On trouve mention de notaires royaux établis à
Contest avant Michel Illand (Jehan Hamel, cité en 1575 lors de la prise
de possession de la cure de Contest par le curé Jullian Illand,
François Nepveu de la Fouchardière dans les années 1640 )
Il n'est pas vraiment établi que ce Michel Illand de la
Gaignardière ait été notaire royal.
On sait de lui qu'il habitait
à Contest à la Louvelière puis à la Tannerie
(Michel Barré mentionne plutôt la Masure, sans doute par
confusion avec le notaire François Illand de Commer, sieur de la
Masure)) et qu'il était
probablement marchand et collecteur de taille.
On le rencontre également en
1672 greffier du seigneur des Barres à Contest.
Un acte du 29 avril 1706, relatif à l'acquisition de
la Basse Pilière, mentionne que ce village" est estimé à la
somme de 40 livres, à la requête de Jean Le Cendrier, collecteur de
taille et de Gabriel Pouteau, stipulant pour Michel Illand, sieur
de la Gaignardière, son collecteur".
Les terres de la Gaignardière ne se trouvent pas à
Contest, mais on trouve mention à l’époque, de villages de la
Gaignardière à proximité de Contest : à la Chapelle au Grain (paroisse
de St Georges Buttavent) et à la Bigottière.
Né en juin 1645 à Contest,
fils de Michel Illend, sieur de Launay et de Jehanne Le Marchand, petit
fils de Michel Illend et de Barbe Gresland, Michel Illand de la
Gaignardière épouse en premières noces Marguerite Heslot le 29 octobre
1675 à Commer (il est cité à son mariage "sieur de la Gaignardière").

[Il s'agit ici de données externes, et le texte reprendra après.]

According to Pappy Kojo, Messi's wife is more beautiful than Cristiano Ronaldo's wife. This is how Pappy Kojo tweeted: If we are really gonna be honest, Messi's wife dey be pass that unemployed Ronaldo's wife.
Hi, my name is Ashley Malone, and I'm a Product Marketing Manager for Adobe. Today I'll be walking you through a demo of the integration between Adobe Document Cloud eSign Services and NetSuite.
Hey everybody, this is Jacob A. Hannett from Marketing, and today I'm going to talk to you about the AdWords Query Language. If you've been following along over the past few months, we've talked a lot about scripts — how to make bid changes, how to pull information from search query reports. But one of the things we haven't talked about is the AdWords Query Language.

Son épouse décède peu de temps après le mariage (le 4 juin 1676 à Commer)
et Michel Illand se remarie, sans doute vers 1677 avec Renée Baudron de
la paroisse d'Alexain.
On trouve mention de 7 enfants de ce couple à
Alexain et Contest, dont
2 garçons morts en bas âge.
L'une de ses filles Marie épousera à Contest en août 1707, Julien Daguier, sieur de la
Royrie, chirurgien,
fils de Jehan Daguier, notaire royal à Contest et de Marie de
Hérissé. Marie décède en août 1707 (pratiquement en même temps que
sa fille Marie Daguier, son beau-père Jehan Daguier et son jeune
beau-frère Michel (âgé de 18 ans). On peut sans doute attribuer ces
décès aux épidémies fréquentes à l'époque.

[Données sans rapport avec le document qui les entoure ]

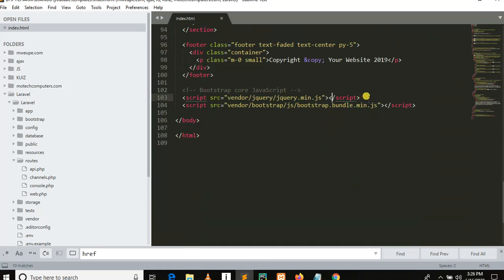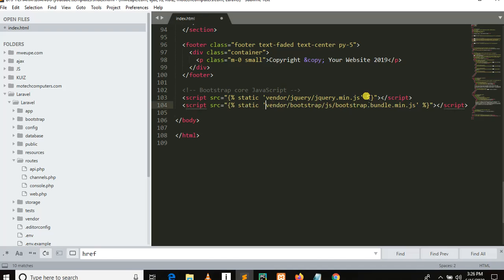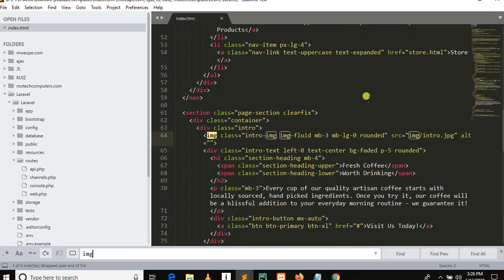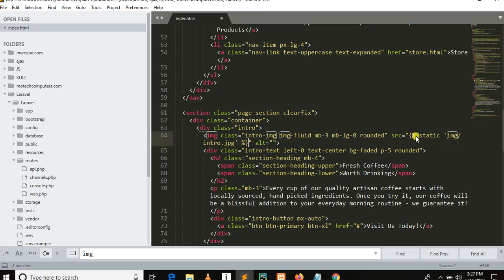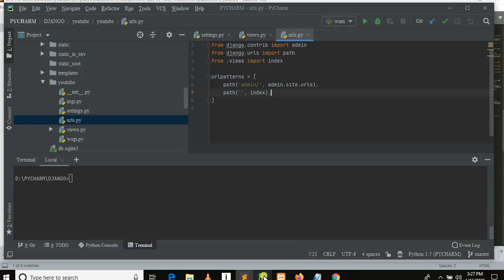At the bottom of our file we need to link the JavaScript files. Use the static template tag to link the JS files. Now let's find if there is an image. Yes, here is the image — paste the static tag, then single quote, percentage sign, then close the bracket. Now we are done with linking the single image. I hope there is only one image.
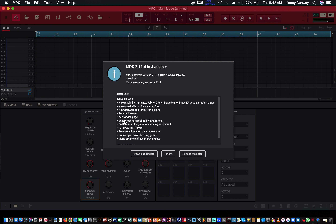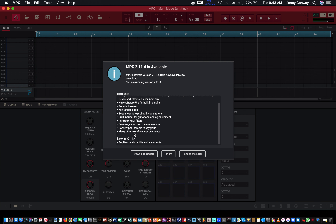I'll try that out real soon. Built-in tuner for guitar and analog equipment — that's real nice for guitar players, or if you got a bass player to plug in, that'll be nice. Per track MIDI filters — I gotta try that out with some of my synths. Rearrange items on the mode menu. Convert pad sample to key groups. Bug fixes and stability enhancements have been made. I'm gonna download this update and try it out.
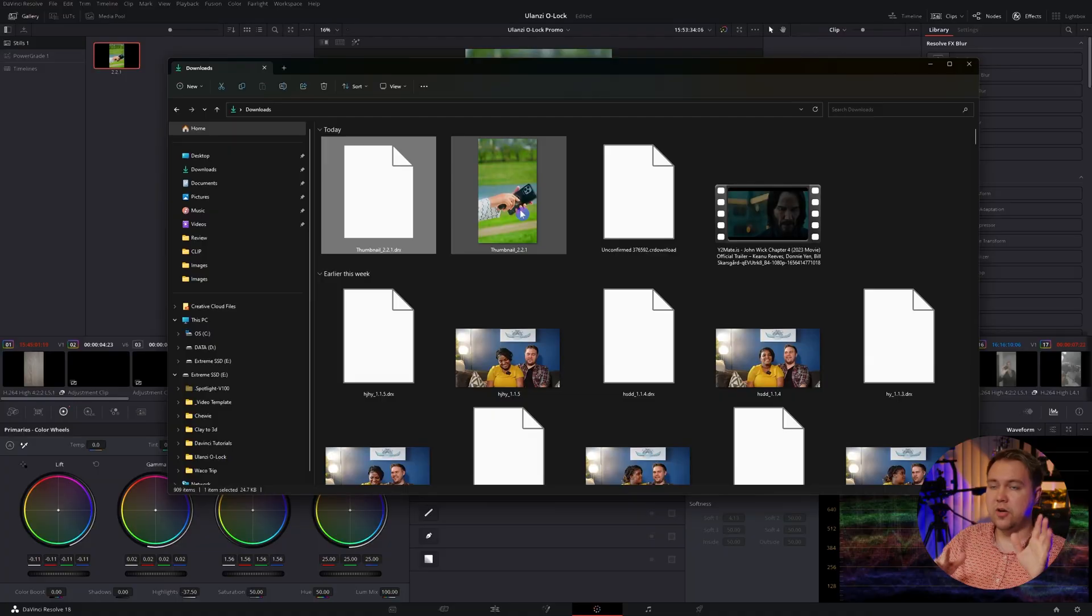Do keep in mind, the resolution of the exported image is going to be based on the actual resolution of your timeline. So if you want a 4K image, make sure you're grabbing the still from a 4K timeline.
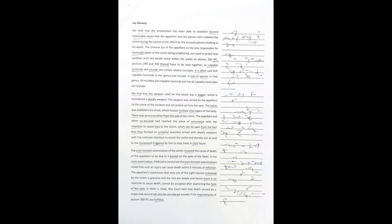Sections 299 and 300 thereof have to be read together, as culpable homicide and murder are closely related concepts.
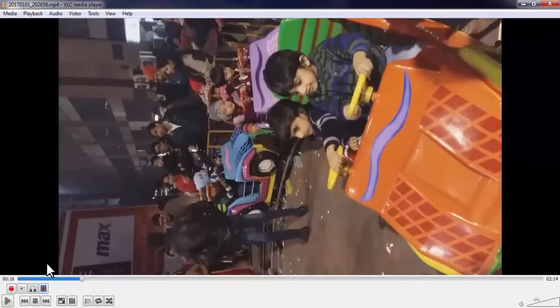Now pause the video at the point from where you want to start the recording. After pausing, you can forward the video frame by frame using that button. When you select the starting point of recording, press the recording button and then play the video.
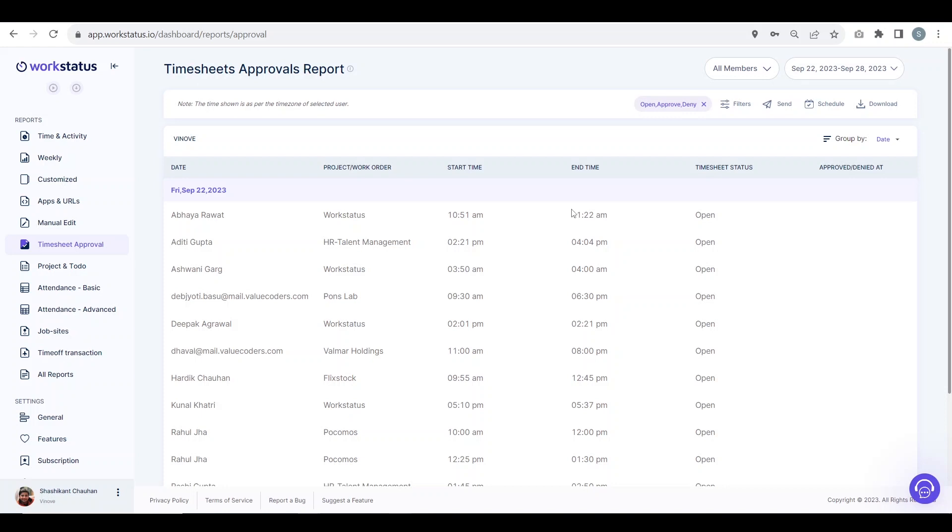In this report, you will be able to see the data when the user applied for manual timesheets and they got approved or not. For every day or for that selected time duration, you will be able to see for each day how many approvals were requested and how many of them were approved or denied.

Julien Daguier, résignataire de sa mère, Marie de
Hérissé, obtient provision de notaire le 16 septembre 1708.
Le fils de Julien Daguier et de Marie Illand, Jean
Michel épouse Marie Garnier en 1723. Leur enfant Julien-François,
né en 1725, obtient provisions de notaire le 18 novembre 1750 et
succède ainsi à son grand père comme notaire royal de Contest.
(cliquer sur Julien-François pour accéder à la
transcription du texte royal octroyant provision d'office de notaire à
Julien-François Daguier)
signature de Michel Illand de la Gaignardière
Michel Illand de la Gaignardière est décédé à Commer le 8 décembre
1713.
On trouve sa
signature au bas de très nombreux actes de l'époque. Il avait fondé une
place de bancs à son nom dans la chapelle du rosaire de l'église de Contest (chapelle construite par le curé Jehan Yllend).Cet emplacement
fut racheté le 27 août 1775 par Julien Daguier (pour sa vie et celle
de ses enfants) pour la somme de 3 livres à payer au jour de Toussaint.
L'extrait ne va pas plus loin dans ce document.